═══ Raw data ═══

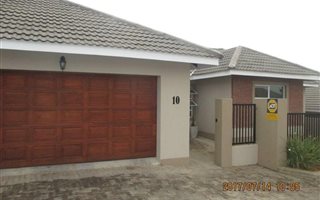 3 Bedroom Townhouse in Shellyvale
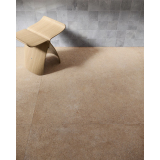 Gresie Portelanata DUO Back Caramel Mat 120x120 cm – ambient living, scaun lemn pe gresie caramel, perete gri texturat, pe pardoseala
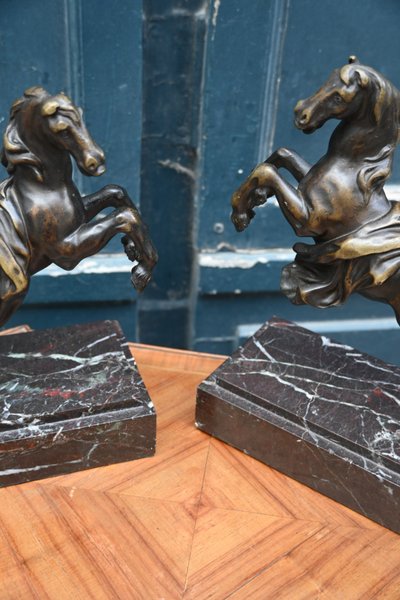Coppia di cavalli in bronzo in stile antico 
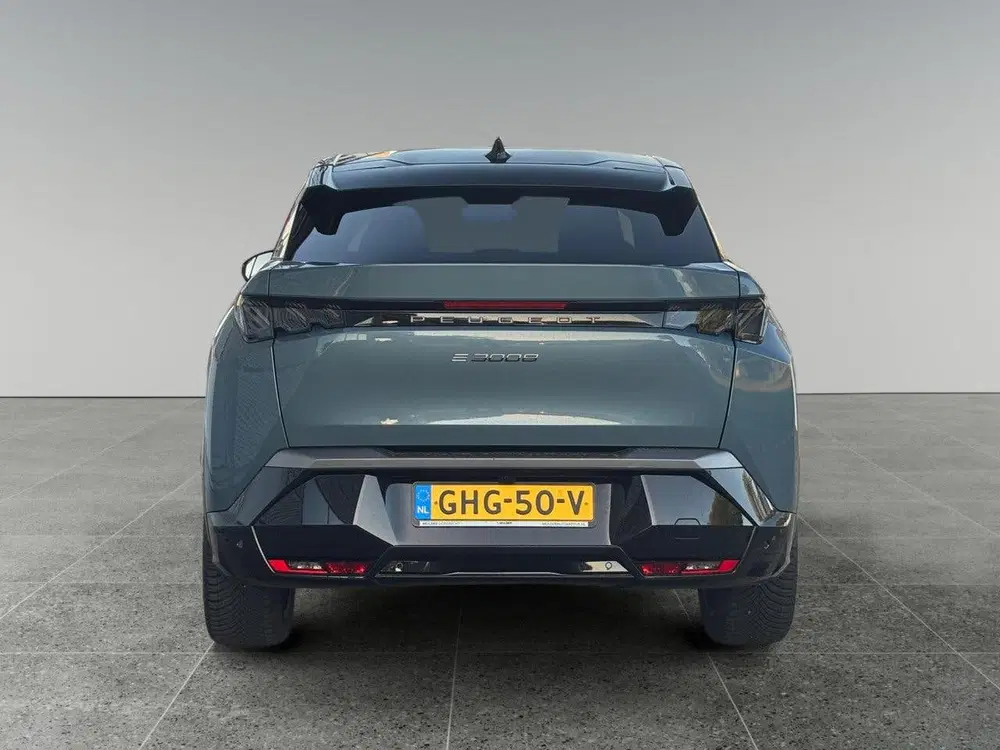 Peugeot 3008 GT Avantage 73kWh 210pk uit 2024, foto 4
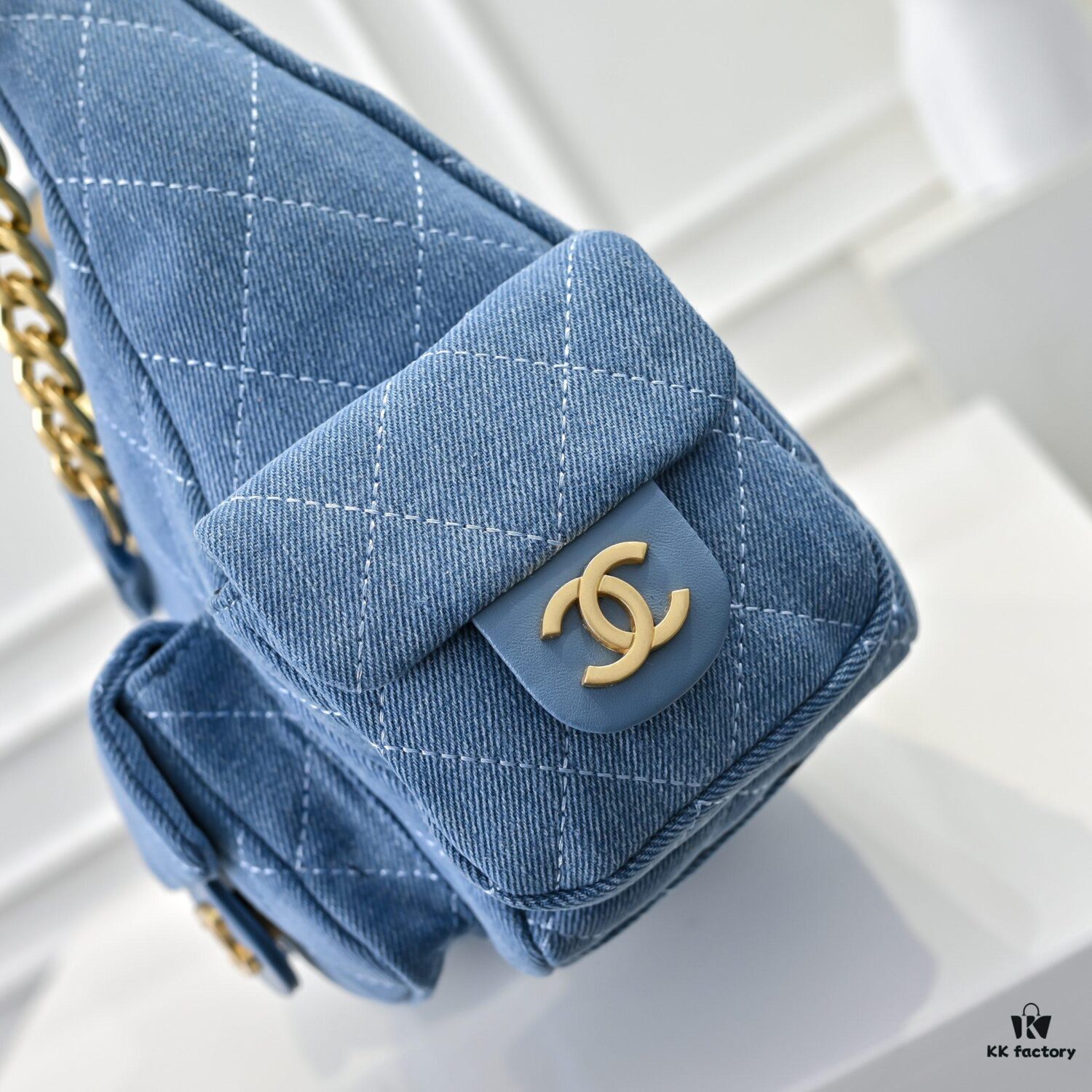 CHANEL 25C New Arrival This Bag Is Surprisingly Lightweight and Stylish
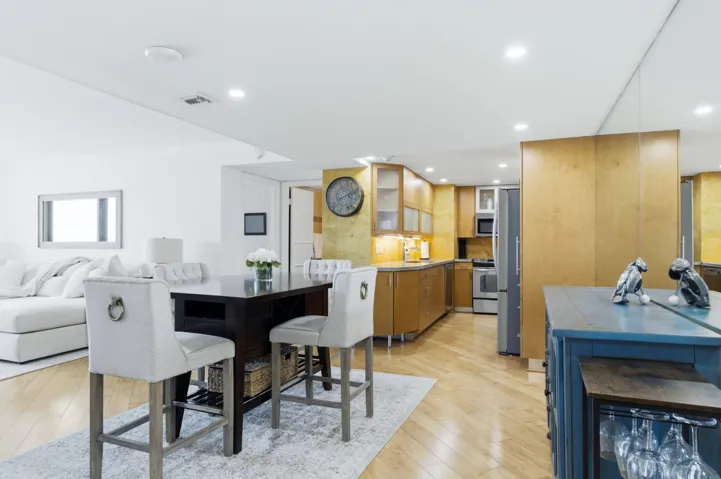 Dining area & European Kitchen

═══

What you need to do: In the records above, find the line containing "Peugeot 3008 GT". Reproduce it and every line after it through the last line, omitting pictures.

Solution to the problem:
 Peugeot 3008 GT Avantage 73kWh 210pk uit 2024, foto 4
 CHANEL 25C New Arrival This Bag Is Surprisingly Lightweight and Stylish
 Dining area & European Kitchen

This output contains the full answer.